— WORK REQUIRED —
Nothing in the records may be altered, so transcribe them exactly.

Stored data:
++++++

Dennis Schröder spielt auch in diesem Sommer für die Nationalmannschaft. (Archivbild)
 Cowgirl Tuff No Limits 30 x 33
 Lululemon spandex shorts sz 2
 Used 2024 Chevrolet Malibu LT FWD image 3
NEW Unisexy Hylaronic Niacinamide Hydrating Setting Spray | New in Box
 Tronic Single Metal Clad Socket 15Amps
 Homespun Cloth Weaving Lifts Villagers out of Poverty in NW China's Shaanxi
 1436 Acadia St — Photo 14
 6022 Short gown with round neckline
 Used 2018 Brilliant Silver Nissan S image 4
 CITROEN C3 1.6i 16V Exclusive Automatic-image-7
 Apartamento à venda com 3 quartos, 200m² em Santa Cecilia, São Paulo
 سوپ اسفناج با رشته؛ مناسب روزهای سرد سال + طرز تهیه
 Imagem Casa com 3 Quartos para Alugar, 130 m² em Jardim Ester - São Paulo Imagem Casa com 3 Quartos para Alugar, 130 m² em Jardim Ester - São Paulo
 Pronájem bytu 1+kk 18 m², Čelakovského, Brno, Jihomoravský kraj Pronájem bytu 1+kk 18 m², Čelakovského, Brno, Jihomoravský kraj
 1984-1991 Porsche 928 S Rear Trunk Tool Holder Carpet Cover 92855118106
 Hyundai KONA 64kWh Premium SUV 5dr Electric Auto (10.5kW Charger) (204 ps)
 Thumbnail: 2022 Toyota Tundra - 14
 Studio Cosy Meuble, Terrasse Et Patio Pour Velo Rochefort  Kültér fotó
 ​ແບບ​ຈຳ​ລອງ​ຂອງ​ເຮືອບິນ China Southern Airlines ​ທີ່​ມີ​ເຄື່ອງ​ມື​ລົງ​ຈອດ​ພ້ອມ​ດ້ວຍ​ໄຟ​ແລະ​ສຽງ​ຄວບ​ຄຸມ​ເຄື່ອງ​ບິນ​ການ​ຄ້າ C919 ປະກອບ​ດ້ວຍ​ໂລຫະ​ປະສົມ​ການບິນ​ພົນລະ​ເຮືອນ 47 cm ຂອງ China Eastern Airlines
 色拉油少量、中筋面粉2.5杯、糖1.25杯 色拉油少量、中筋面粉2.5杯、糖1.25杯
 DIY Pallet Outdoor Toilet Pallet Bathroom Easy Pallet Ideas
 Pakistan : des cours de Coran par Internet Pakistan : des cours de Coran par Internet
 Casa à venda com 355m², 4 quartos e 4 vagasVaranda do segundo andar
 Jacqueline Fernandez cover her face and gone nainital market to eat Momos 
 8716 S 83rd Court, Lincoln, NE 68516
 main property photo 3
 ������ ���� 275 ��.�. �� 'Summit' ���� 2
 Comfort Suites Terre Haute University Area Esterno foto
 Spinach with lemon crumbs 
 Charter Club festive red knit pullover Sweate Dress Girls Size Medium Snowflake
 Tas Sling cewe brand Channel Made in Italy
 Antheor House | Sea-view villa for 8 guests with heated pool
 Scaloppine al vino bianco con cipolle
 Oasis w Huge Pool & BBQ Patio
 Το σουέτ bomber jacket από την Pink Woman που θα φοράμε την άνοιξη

++++++

— TASK OUTPUT —
Dennis Schröder spielt auch in diesem Sommer für die Nationalmannschaft. (Archivbild)
 Cowgirl Tuff No Limits 30 x 33
 Lululemon spandex shorts sz 2
 Used 2024 Chevrolet Malibu LT FWD image 3
NEW Unisexy Hylaronic Niacinamide Hydrating Setting Spray | New in Box
 Tronic Single Metal Clad Socket 15Amps
 Homespun Cloth Weaving Lifts Villagers out of Poverty in NW China's Shaanxi
 1436 Acadia St — Photo 14
 6022 Short gown with round neckline
 Used 2018 Brilliant Silver Nissan S image 4
 CITROEN C3 1.6i 16V Exclusive Automatic-image-7
 Apartamento à venda com 3 quartos, 200m² em Santa Cecilia, São Paulo
 سوپ اسفناج با رشته؛ مناسب روزهای سرد سال + طرز تهیه
 Imagem Casa com 3 Quartos para Alugar, 130 m² em Jardim Ester - São Paulo Imagem Casa com 3 Quartos para Alugar, 130 m² em Jardim Ester - São Paulo
 Pronájem bytu 1+kk 18 m², Čelakovského, Brno, Jihomoravský kraj Pronájem bytu 1+kk 18 m², Čelakovského, Brno, Jihomoravský kraj
 1984-1991 Porsche 928 S Rear Trunk Tool Holder Carpet Cover 92855118106
 Hyundai KONA 64kWh Premium SUV 5dr Electric Auto (10.5kW Charger) (204 ps)
 Thumbnail: 2022 Toyota Tundra - 14
 Studio Cosy Meuble, Terrasse Et Patio Pour Velo Rochefort  Kültér fotó
 ​ແບບ​ຈຳ​ລອງ​ຂອງ​ເຮືອບິນ China Southern Airlines ​ທີ່​ມີ​ເຄື່ອງ​ມື​ລົງ​ຈອດ​ພ້ອມ​ດ້ວຍ​ໄຟ​ແລະ​ສຽງ​ຄວບ​ຄຸມ​ເຄື່ອງ​ບິນ​ການ​ຄ້າ C919 ປະກອບ​ດ້ວຍ​ໂລຫະ​ປະສົມ​ການບິນ​ພົນລະ​ເຮືອນ 47 cm ຂອງ China Eastern Airlines
 色拉油少量、中筋面粉2.5杯、糖1.25杯 色拉油少量、中筋面粉2.5杯、糖1.25杯
 DIY Pallet Outdoor Toilet Pallet Bathroom Easy Pallet Ideas
 Pakistan : des cours de Coran par Internet Pakistan : des cours de Coran par Internet
 Casa à venda com 355m², 4 quartos e 4 vagasVaranda do segundo andar
 Jacqueline Fernandez cover her face and gone nainital market to eat Momos 
 8716 S 83rd Court, Lincoln, NE 68516
 main property photo 3
 ������ ���� 275 ��.�. �� 'Summit' ���� 2
 Comfort Suites Terre Haute University Area Esterno foto
 Spinach with lemon crumbs 
 Charter Club festive red knit pullover Sweate Dress Girls Size Medium Snowflake
 Tas Sling cewe brand Channel Made in Italy
 Antheor House | Sea-view villa for 8 guests with heated pool
 Scaloppine al vino bianco con cipolle
 Oasis w Huge Pool & BBQ Patio
 Το σουέτ bomber jacket από την Pink Woman που θα φοράμε την άνοιξη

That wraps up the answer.